### Exercise requirements
Copy out the lines beginning at the one with "Пассажиропоток через Международный" and ending at the last line of the data, both included; pictures stay out.
Provided material START
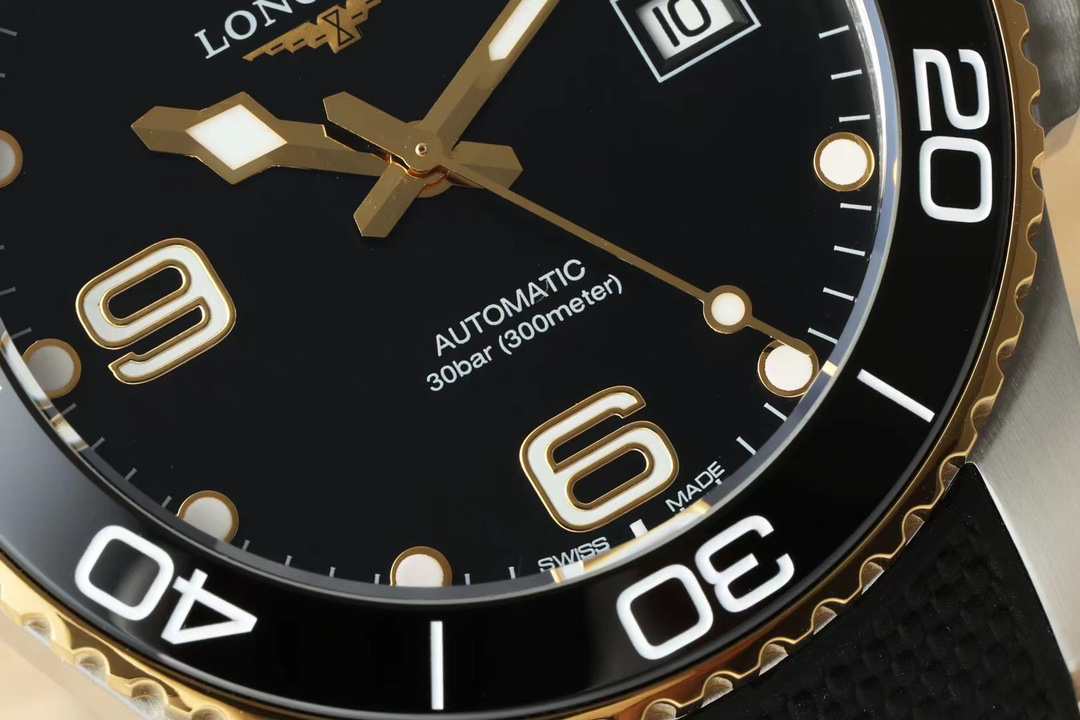 4-347.jpg Montre automatique Longines HydroConquest 41 mm - Mécanisme suisse 1117810124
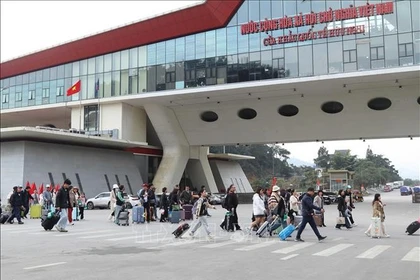 Пассажиропоток через Международный пограничный пункт Хыунги (провинция Лангшон) значительно возрос в связи с ростом туристического спроса (Фото: ВИА)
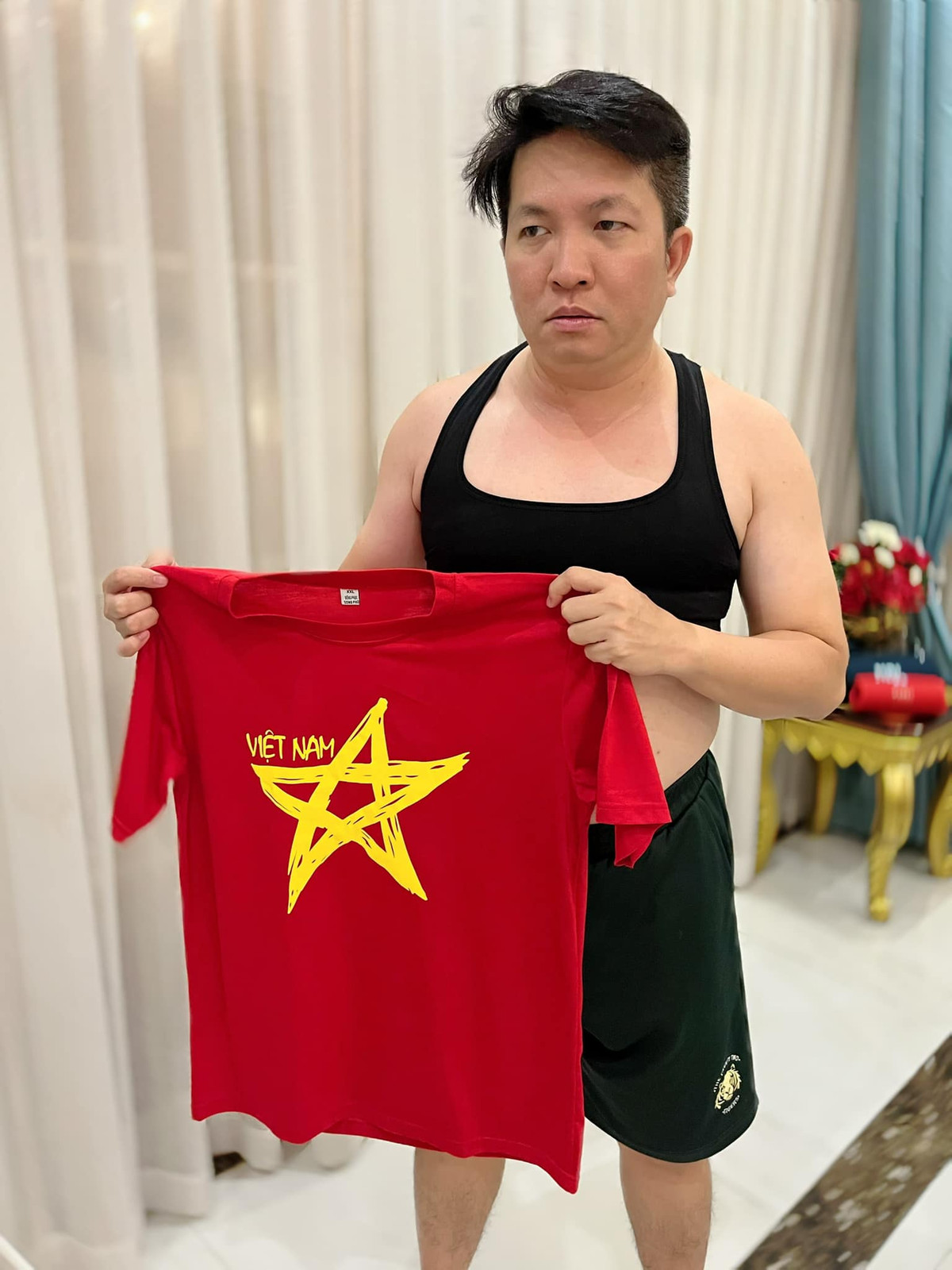 Theo đó, sẵn tiện sở hữu chiếc áo kiểu dáng giống nam tiền đạo nên vị đại gia quận 7 đã ướm luôn lên người và diễn lại cảnh ăn mừng của Tiến Linh.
Provided material END
### Answer section
 Пассажиропоток через Международный пограничный пункт Хыунги (провинция Лангшон) значительно возрос в связи с ростом туристического спроса (Фото: ВИА)
 Theo đó, sẵn tiện sở hữu chiếc áo kiểu dáng giống nam tiền đạo nên vị đại gia quận 7 đã ướm luôn lên người và diễn lại cảnh ăn mừng của Tiến Linh.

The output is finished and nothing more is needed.